Bournemouth restarted the game with intent and replied instantly. As Ake and Fraser linked up, Fraser advanced into the final third and slipped Callum Wilson through into the left of the box. Still, with a lot of work to do, the Goal Machine produced a nice finish to whip the ball around Schmeichel at his near post, the ball kissing the far post as it went in. Cue relief in the away end, back on level terms, we could settle into the game again! The home end was quietened down, and we’d seen Wee Man and Callum link up again. This had to bode well?

Cherries were looking lively in attack as a series of fouls from Leicester defenders on the edge of the box (right in H.Wilson range) went ignored by referee Bankes. One poor tackle on a Billing burst forward was particularly inexplicable as to why it was missed. Another on H.Wilson was continued with an advantage, the ball falling for Fraser in a rather useless position with little advantage, yet the ref didn’t pull play back. The controversy surrounding the officiating was only just beginning.

Lerma was given a very soft yellow card that nullified him for the rest of the game. Having allowed equal if not more forceful poor challenges to go totally unpunished, Lerma was understandably upset with Mr Bankes. Billing was given a more justified yellow, also taking the edge off his game.
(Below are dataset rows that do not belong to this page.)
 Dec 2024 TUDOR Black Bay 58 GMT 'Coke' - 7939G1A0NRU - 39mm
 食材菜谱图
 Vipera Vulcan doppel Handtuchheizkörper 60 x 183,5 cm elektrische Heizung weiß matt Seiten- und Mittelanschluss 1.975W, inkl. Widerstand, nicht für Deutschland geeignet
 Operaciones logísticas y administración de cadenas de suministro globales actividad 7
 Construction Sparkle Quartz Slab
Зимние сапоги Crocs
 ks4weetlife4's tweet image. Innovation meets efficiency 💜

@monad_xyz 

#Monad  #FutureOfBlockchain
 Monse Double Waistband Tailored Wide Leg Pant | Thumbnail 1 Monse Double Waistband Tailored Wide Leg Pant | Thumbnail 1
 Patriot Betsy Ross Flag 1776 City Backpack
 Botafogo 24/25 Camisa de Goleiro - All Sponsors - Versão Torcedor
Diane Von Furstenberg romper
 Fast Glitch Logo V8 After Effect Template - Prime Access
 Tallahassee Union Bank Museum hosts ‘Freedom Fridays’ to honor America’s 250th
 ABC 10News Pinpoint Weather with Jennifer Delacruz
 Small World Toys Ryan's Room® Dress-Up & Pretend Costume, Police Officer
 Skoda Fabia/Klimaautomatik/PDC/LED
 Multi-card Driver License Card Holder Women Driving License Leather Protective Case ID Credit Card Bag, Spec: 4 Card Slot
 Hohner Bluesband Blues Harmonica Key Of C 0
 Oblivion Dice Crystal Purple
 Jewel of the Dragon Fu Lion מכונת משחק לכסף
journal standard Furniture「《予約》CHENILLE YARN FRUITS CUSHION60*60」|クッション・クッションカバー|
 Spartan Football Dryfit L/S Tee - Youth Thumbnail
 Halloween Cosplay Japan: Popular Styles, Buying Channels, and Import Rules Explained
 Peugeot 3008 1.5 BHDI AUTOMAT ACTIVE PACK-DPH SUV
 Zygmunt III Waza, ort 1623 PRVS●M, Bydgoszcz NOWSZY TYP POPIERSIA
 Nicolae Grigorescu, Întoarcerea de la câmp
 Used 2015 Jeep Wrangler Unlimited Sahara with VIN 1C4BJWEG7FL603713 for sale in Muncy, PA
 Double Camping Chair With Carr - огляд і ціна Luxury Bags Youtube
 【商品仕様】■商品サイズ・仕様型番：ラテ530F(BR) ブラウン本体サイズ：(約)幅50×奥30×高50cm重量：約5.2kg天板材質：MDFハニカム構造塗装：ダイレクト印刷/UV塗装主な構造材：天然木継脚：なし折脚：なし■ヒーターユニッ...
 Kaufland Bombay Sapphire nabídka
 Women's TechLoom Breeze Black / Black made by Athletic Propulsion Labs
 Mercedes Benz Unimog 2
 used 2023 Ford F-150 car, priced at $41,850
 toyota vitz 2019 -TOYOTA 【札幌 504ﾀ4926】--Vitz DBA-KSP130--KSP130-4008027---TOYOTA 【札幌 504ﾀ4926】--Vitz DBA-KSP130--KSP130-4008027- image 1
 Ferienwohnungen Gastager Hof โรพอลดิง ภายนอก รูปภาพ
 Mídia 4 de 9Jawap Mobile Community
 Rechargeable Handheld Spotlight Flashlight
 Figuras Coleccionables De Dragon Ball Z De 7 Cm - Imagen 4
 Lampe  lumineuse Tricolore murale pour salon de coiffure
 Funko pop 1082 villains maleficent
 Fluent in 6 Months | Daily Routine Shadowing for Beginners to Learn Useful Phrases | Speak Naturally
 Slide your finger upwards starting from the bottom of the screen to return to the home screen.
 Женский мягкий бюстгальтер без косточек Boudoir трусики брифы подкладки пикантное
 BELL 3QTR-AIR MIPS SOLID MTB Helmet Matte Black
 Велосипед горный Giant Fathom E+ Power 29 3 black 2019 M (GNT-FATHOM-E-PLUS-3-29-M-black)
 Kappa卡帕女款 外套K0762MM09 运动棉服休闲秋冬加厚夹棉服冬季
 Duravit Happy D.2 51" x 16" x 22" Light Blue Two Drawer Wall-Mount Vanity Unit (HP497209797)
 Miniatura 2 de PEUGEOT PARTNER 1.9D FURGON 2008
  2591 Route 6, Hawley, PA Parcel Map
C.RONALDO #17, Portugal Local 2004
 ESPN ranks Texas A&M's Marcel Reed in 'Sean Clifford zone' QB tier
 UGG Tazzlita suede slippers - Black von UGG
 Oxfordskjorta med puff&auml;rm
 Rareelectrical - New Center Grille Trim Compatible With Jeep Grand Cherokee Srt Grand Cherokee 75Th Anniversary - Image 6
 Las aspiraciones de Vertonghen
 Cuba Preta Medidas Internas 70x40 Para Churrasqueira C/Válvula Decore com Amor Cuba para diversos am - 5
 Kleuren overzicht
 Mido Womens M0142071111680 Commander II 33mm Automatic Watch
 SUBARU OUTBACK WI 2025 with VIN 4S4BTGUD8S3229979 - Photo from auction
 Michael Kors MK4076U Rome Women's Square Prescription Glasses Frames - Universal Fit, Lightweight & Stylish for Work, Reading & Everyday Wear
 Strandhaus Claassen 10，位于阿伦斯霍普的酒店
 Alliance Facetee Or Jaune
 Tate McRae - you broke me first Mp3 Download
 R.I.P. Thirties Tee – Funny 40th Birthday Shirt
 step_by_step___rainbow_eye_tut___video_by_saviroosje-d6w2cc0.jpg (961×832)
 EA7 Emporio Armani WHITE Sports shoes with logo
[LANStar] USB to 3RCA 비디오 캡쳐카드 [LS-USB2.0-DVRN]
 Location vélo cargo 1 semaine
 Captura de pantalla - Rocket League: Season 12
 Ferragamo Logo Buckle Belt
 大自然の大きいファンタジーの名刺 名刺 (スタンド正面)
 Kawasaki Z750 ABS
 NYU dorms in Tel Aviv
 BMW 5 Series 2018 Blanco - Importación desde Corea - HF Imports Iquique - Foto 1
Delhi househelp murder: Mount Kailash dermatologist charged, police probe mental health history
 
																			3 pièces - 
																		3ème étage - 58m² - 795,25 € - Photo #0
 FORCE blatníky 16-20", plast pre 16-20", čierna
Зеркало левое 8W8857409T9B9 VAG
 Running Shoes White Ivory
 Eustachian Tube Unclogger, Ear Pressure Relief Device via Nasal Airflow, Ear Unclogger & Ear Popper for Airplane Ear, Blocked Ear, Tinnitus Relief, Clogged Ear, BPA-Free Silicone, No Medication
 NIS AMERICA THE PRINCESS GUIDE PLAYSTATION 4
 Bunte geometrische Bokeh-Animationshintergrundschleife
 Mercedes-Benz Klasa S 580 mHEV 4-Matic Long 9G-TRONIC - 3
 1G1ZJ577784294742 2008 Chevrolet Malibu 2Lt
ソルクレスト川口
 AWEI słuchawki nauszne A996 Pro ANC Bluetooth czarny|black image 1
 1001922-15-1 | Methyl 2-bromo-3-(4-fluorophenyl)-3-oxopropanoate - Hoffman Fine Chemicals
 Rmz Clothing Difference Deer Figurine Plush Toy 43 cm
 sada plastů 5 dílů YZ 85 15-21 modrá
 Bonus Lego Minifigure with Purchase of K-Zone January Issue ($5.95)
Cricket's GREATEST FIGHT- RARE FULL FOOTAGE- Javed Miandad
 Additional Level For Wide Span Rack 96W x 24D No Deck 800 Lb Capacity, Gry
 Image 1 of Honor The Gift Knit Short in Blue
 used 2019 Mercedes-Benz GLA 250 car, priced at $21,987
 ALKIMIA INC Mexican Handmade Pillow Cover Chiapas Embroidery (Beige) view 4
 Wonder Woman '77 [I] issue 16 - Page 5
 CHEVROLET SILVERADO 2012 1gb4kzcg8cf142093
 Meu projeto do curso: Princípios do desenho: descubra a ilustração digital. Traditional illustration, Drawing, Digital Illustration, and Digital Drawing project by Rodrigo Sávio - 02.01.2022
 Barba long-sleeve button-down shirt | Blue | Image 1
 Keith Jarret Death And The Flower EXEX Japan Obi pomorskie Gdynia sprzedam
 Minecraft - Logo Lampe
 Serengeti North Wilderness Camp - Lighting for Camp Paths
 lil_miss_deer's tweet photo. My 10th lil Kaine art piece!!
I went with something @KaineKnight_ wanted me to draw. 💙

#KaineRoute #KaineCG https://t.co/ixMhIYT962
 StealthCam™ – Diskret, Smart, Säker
You had to wonder whether both would make it through the game having gotten booked this early on.

In attack, Leicester looked dangerous, their balls out to the flanks always pin-point accurate, their crosses into the box always of good quality. Maddison was at the heart of everything they did well, and we never really got to grips with him. Playing in the acres of space between Lerma/Billing and Cook/Mepham, he made everything look easy as he linked up the play. The ball would be played fairly long into Vardy who would knock it back to Maddison, and then he’d create an opening like clockwork.

A few nervy moments passed as Ramsdale smacked a clearance straight at the onrushing Vardy, thankfully it all happened too quickly for the Foxes frontman to do anything with it. Then a lovely through ball looked to have sent Vardy on goal, but Cook produced a magnificently timed challenge to prevent a near-certain goal.

Unfortunately, the pressure told just before halftime, as Cherries central defensive duo was again caught out, and Cook’s earlier work was tarred with an error. Vardy in down our left channel whereas ever there was too much space, Ake being caught out and nowhere near to help. Cook looked to have the situation under control, closing Vardy down and blocking the low cross. Cook thought it was out for a corner and stopped for just a split-second. The ball was still in play, Vardy knew it and took a second attempt at his drilled cross. With Cook asleep, it fired across goal, where Tielemans had also reacted quicker to the ball staying in play, had stolen half a yard on Mepham, and was there to stretch out a toe-punt on the ball. Tielemans’ toe-punt bobbling in off the post in slow-motion.

The Half-time assessment was that we were in the game, looked ok in places, but needed to sharpen up at the back. Always difficult when chasing the game.

The next moment of controversy arrived early second half, as a clash between Tielemans and C.Wilson saw the Cherries frontman go down in pain. For a moment my heart was in my mouth as I feared something serious in the knee or ankle. From my view, I didn’t think there was any malice to the challenge, and it didn’t even occur to me that a straight red card could be possible. Although why it wasn’t even given as a foul, with probably a yellow card, I couldn’t fathom. To be honest my main concern was just that Wilson got up ok and hadn’t done any damage.

The VAR review came and went, it wasn’t until a few minutes later, as various text messages and social media posts filtered around the away end (as these things do in this day and age) that we got to appreciate how nasty the clash was. “BBC and Sky reckon it was a straight red” I heard people say, “look at this twitter clip, it’s horrible”. It wasn’t until I was on the way back that I got to see a replay, but my word, how wasn’t it given a red card by the review?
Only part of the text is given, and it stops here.